The park is right on the water and a series of waterfalls and statues guided me there. It seemed like only Japanese couples were out, enjoying the views and walking hand-in-hand. Since they don't celebrate Christmas, nothing was closed. Arriving in the park, my eyes were immediately drawn to the old battleship in her concrete tomb. Mikasa stands proud and haunting. She is on just one edge of a park full of artistic metal arches and fountains. Walking around in the sunset, the arches were lit up orange and and glinting in the last few rays of the day's light.
As I was leaving the park, I came across a black steam engine I hadn't noticed before. I'm not sure of its significance, but it was pretty cool looking in the dusk light, so I took a photo.

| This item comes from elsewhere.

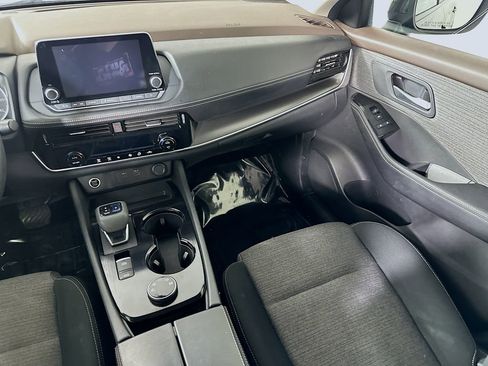 Used 2022 Nissan Rogue SV image 19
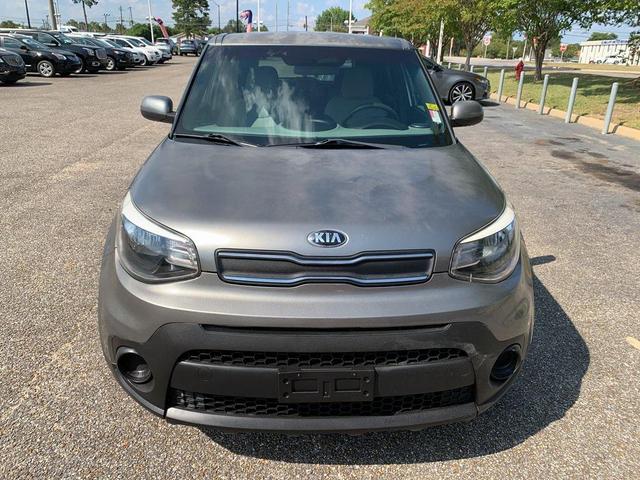 Photo of 2018 Titanium Gray Kia Soul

I made it to the market in time to buy some fresh fruits and veggies. If I haven't mentioned it before, Japan has absolutely amazing produce.
The next day, the few of us got together and hit up Chinatown in Yokohama. There are a total of 10 Chinese gates in the area, and I managed to find 7 before it was too late to wander anymore. Upon arrival, I was greeted by a riot of color and smell. Everything is just as you'd imagine: elaborate, curvy, and cloaked in reds and golds. Fresh roasted chestnuts were being sold on every street corner and free samples were readily available. Between those, the pastries also available everywhere, and the Chinese buffet we had an hour after arrival, I thought I might burst.

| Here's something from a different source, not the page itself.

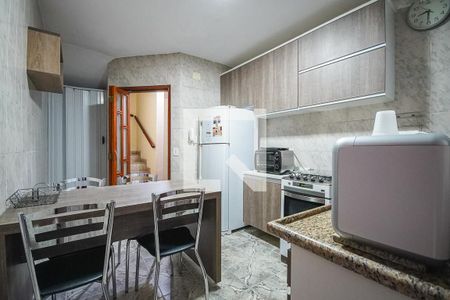 Casa à venda com 104m², 2 quartos e 2 vagasCozinha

We visited a Chinese temple which is remarkably similar to a Japanese temple in layout, but not at all in style. The Chinese temples are red and gold with intricate statuettes covering much of the roof. Large pillars styled with dragons guard the main entrance to the temples. Inside is a golden maze of design with red and green for accents. Its amazing.

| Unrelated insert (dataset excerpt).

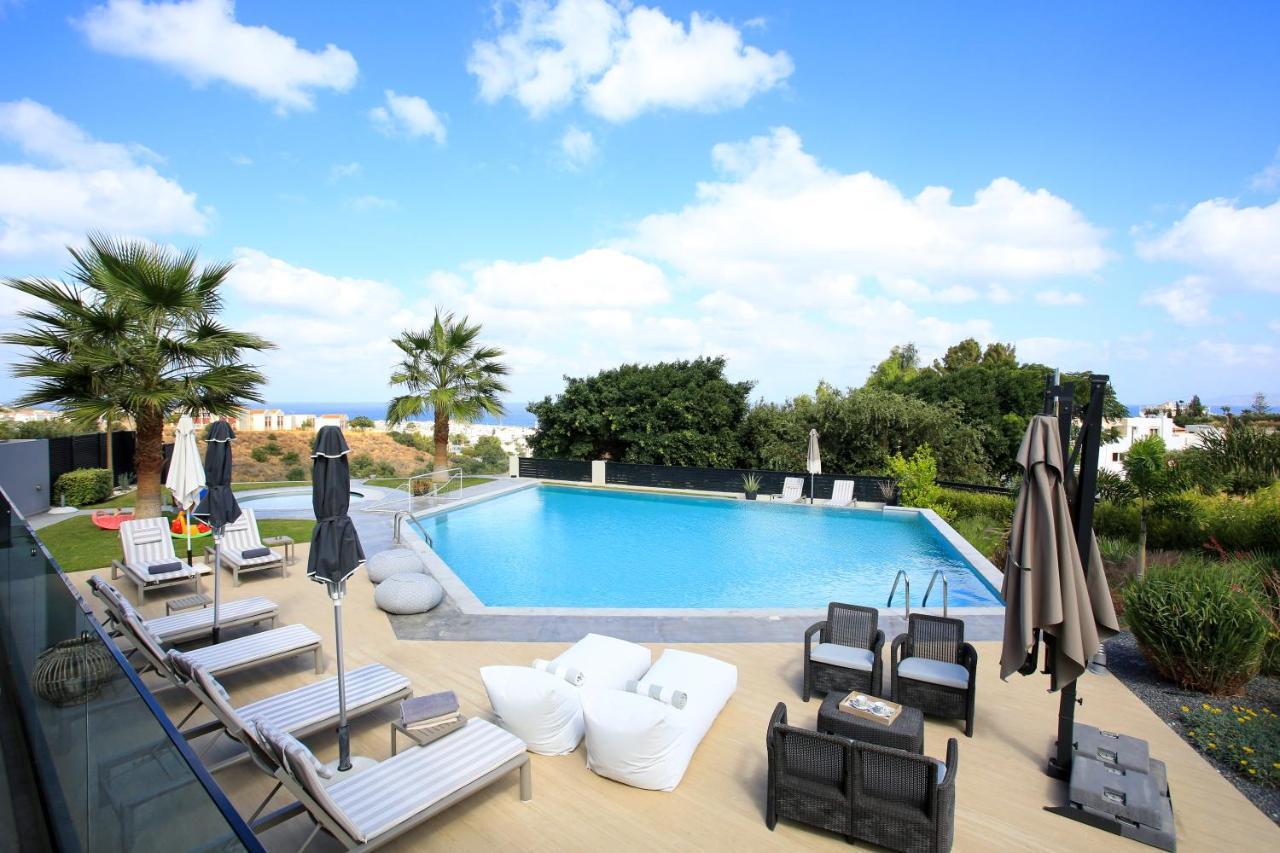 הרסוניסוס Orama Luxury Villa 4 Bedrooms With Private Pool מראה חיצוני תמונה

Next we approached a large shopping center full of little trinkets and interesting things. A dragon dog and Hello Kitty in a panda suit guarded the entrance. I don't think I mentioned before, but Chinatown has everything panda that you could possibly imagine: keychains, toys, hats, tupperware, stickers, etc. (And Japan is simply stocked full of Hello Kitty.) After spending time browsing, buying funny panda cups, and viewing another temple that was very similar to the first, we wandered a nearby shopping mall and found a cool honey store. Inside were a myriad of honey flavors. One had the largest bee I had ever seen preserved inside. That pretty much marked the end of the day.